Chapter 4: To venture alone
Theme: November 1958. To begin planning the selection program we had to draw upon our knowledge of the nature of those individuals who had been successful explorers in the past.
From the beginning of time, some men have been driven to leave the safety of family, tribe or country and to dare the wilderness and the hostile stranger, seeking new lands, new goods to trade, or new information. What is the nature of these individuals? Do they have common traits? Is there an explorer “type”, a pioneering character, which sets these men apart? Are their achievements purely a matter of chance or special circumstance? And if the pioneers of the past bear certain traits in common, do our present-day explorers come from the same mold? Studies of the chronicles of exploration and of the records of those who have survived long periods of isolation in small boats or the Arctic wastes give some clues to these questions.
The nature of exploration is changing. Travel has always involved some technical planning, and frequently great expense which only governments could afford. Columbus’ discoveries cost Isabella her crown jewels. Prince Henry the Navigator had a large program of government-sponsored exploration, while the first circumnavigation of Africa was authorized by the Pharaoh Necho II. Nevertheless, as long as the explorations were within our earth’s atmosphere, many have been privately sponsored and on individual initiative. Thus, the senior Polo brothers made their first trip to the court of the Great Khan for commercial reasons, while Leif Erikson was looking for new farm lands for his family and friends. Stanley was sponsored by a newspaper, while Livingston was sponsored only by himself and his God.
In space flight, sch opportunities for private initiative or small business profit are non-existent.
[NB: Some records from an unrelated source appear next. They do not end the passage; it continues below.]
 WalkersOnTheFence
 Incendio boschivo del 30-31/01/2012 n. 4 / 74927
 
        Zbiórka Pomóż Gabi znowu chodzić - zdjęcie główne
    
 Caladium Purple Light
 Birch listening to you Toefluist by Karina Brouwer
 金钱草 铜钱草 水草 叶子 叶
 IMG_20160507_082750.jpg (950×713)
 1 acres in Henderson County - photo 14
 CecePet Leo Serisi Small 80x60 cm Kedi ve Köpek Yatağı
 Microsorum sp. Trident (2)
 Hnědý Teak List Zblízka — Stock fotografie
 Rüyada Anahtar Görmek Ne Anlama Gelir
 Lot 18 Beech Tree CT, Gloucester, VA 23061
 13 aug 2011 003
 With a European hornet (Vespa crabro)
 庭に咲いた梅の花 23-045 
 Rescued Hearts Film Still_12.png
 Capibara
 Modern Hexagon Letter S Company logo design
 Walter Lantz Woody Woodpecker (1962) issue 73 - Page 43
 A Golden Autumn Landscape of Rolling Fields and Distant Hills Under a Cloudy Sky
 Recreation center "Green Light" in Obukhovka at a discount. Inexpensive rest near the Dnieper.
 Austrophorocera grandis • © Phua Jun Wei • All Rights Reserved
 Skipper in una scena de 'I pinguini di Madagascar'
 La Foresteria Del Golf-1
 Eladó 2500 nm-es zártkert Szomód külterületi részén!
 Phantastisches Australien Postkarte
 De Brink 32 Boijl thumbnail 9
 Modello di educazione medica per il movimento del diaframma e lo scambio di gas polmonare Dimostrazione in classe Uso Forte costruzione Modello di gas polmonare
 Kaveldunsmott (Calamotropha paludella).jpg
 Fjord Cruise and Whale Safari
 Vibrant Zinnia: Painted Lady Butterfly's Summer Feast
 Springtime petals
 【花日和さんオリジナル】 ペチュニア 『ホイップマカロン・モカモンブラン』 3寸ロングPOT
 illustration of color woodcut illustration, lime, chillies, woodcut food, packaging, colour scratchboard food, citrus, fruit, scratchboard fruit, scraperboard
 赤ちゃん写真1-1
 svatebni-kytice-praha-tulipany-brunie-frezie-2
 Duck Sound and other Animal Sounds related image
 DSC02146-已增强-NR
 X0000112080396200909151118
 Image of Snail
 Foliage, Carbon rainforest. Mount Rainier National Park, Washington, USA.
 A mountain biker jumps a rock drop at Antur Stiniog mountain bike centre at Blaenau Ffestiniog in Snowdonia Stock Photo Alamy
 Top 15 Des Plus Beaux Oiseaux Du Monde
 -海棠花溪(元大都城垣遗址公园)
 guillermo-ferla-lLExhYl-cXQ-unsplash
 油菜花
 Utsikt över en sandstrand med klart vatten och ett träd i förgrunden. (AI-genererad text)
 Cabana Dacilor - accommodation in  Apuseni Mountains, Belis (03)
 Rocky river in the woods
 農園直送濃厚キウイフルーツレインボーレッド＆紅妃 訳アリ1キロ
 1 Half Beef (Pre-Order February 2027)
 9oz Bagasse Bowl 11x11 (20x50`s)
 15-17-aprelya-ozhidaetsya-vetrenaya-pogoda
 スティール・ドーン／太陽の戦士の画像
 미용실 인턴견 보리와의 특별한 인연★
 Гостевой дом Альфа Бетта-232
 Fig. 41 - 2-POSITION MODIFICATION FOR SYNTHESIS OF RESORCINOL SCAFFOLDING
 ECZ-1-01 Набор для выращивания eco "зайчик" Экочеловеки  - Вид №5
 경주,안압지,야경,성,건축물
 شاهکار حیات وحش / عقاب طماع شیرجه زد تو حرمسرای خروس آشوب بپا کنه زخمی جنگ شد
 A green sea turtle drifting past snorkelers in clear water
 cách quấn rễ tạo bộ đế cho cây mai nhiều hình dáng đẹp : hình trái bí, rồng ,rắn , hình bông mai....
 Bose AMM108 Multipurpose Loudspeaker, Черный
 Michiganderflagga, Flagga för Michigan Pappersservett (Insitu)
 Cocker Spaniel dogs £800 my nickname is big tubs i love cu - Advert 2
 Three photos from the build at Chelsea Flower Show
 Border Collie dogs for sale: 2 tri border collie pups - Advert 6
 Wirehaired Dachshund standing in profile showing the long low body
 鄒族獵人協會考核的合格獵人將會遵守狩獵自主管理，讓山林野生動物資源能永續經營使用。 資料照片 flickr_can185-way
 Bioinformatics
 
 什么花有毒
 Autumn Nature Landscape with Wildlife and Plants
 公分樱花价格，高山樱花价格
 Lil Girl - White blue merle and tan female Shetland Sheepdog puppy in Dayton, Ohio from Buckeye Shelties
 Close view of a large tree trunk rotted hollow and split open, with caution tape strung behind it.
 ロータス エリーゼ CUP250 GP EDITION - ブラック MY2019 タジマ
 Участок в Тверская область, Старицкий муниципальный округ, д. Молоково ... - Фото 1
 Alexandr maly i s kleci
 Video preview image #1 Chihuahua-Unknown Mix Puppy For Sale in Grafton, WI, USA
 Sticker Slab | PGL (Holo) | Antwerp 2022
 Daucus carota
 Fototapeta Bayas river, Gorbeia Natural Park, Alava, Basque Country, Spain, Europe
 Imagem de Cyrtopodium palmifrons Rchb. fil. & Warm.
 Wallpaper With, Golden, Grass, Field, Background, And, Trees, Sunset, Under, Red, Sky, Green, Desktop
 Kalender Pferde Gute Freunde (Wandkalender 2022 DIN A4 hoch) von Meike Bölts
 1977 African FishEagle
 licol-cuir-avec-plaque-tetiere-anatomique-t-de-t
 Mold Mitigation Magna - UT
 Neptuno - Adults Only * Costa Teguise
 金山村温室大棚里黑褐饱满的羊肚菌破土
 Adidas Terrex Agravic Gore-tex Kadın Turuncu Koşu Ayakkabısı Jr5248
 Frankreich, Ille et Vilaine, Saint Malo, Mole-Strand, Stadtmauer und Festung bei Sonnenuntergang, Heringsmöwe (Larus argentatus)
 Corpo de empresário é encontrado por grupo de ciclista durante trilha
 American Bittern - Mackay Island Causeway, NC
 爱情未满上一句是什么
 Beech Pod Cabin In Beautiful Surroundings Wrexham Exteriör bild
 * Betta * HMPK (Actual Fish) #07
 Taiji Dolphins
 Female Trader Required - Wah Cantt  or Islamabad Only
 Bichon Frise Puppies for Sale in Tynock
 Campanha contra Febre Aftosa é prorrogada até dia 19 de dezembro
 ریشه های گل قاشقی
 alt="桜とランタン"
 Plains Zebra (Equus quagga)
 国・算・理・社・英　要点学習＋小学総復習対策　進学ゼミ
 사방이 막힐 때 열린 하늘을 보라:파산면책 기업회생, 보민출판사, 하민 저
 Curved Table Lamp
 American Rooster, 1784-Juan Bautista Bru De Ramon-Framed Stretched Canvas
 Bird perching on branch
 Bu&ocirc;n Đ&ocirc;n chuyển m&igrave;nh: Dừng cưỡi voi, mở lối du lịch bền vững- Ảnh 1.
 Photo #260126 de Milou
The cost of putting a satellite into orbit is so high that only a government or the largest companies can consider financing the venture. While the exploration of space will require human skills and courage of the highest order, it will not be accomplished by the intrepid individual who succeeds in interesting a university or scientific society in his work, and takes off for the wilderness. It will not even be accomplished by a well-organized business venture such as that which financed Lindbergh’s flight. Only the government will have the resources to produce the immense rockets, the complex spacecraft, and the vast operations required to place a man on the moon or on the planets. When exploration becomes technically complex and requires the marshalling of such large resources, what role can the individual play? How does the astronaut vary from the argonaut, the Viking, or the western trailblazer?
All of these men share certain characteristics: intelligence, the ability to live alone and make their own decisions, and most important, ability to think clearly and act effectively when danger threatens -- a trait the psychologist calls “stress-tolerance”, but which is known to most people as bravery.